Everyone's suffering is unique: individualized, sometimes isolated, sometimes severe, and often imagined to be worse than the suffering of the other guy. All suffering, of all kinds—emotional abuse and mental anguish as well as physical injury, sickness, and spiritual hammering, etc.—is, to some degree, horrific to the person who is in the throes of it. But what is key is what is our relationship to God through it. May we be like the returning Christian soldier who said, "I'm so glad I only lost both my legs in the war." Such a statement will bring eternal, ongoing glory to the King of kings. The suffering happens here, in a limited scope no matter how horrific, but the reward of a grateful, praising heart goes on forever and ever. This world may well be a type of spiritual crucible, capable of surfacing to the top of the human heart the true and lasting bend of a person’s soul toward the living God.
(2.) The problem of evil is confounded by the existence of beauty. If earth's existence were only stormy gray and pitch black and all of our experiences were insufferable tragedies, that would be one thing. But piercing into those experiences are often stabs of beauty. After we’ve been crying our guts out we see a sunset that takes our breath. A victim in a concentration camp is lifted by a shy smile coming from another soul there.
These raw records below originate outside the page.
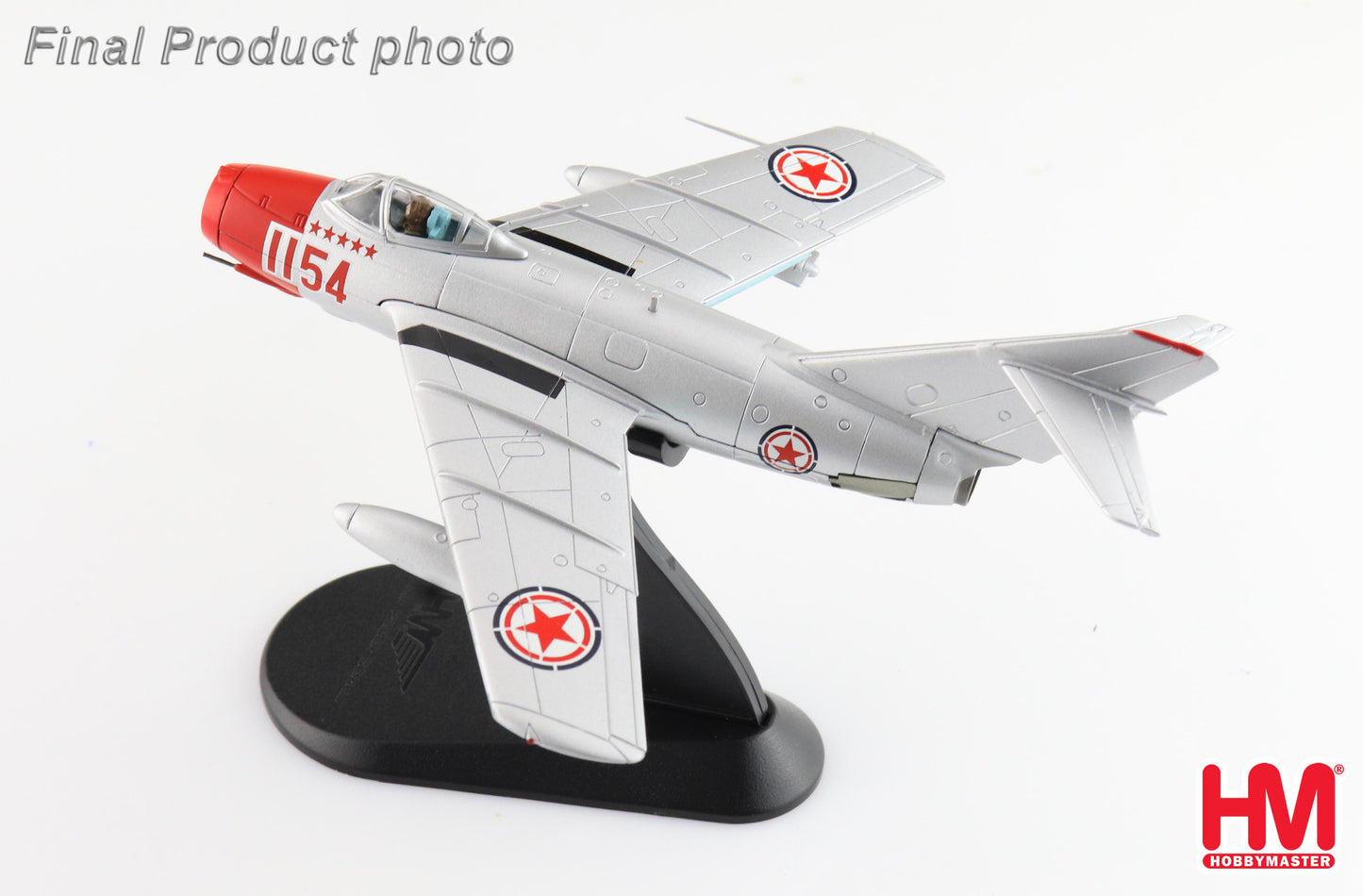 1/72 MIG-15bis No.1154Chinese People's Volunteers Air Force North Korea 1950s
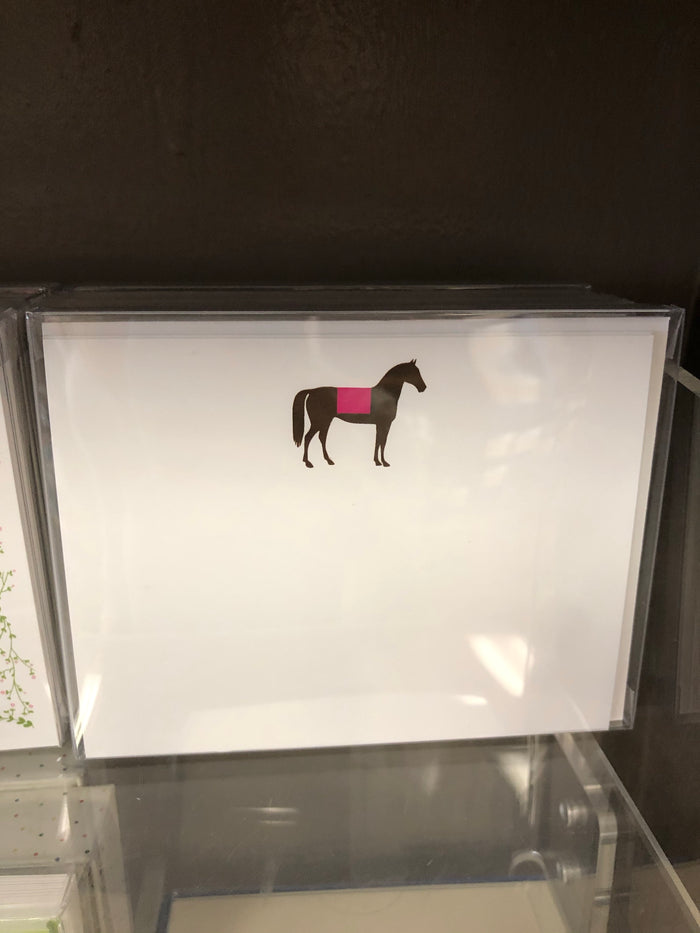 Horse Silhouette - Fuchsia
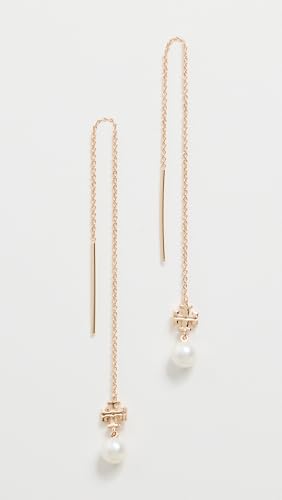 Tory Burch Women's Kira Pearl Threader Earrings2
A hiker who is lost on a trail finds blueberries growing on the side of a hill.
The most astounding stabs of beauty come from within ourselves, where we experience another level of letting go in humility, or realizing that life has levels we didn't know about that we become almost glad to have been shown, or we find within ourselves a new search for uncommon kindness towards a very difficult person...or, or, or. Where do these things come from within our own soul? We didn't put them there. We ponder, why did I see them emerge only in and through my suffering?
G. K. Chesterton perhaps said it best when he said that surely life is like stumbling upon a shipwreck. The ruin is all about us, but we also see jewels strewn upon the shore, spilled from the treasure chest that was borne here by a ship from a region beyond—a region from which it came. This evidence indicates that this island is not all there is; there is more to life than what we now know.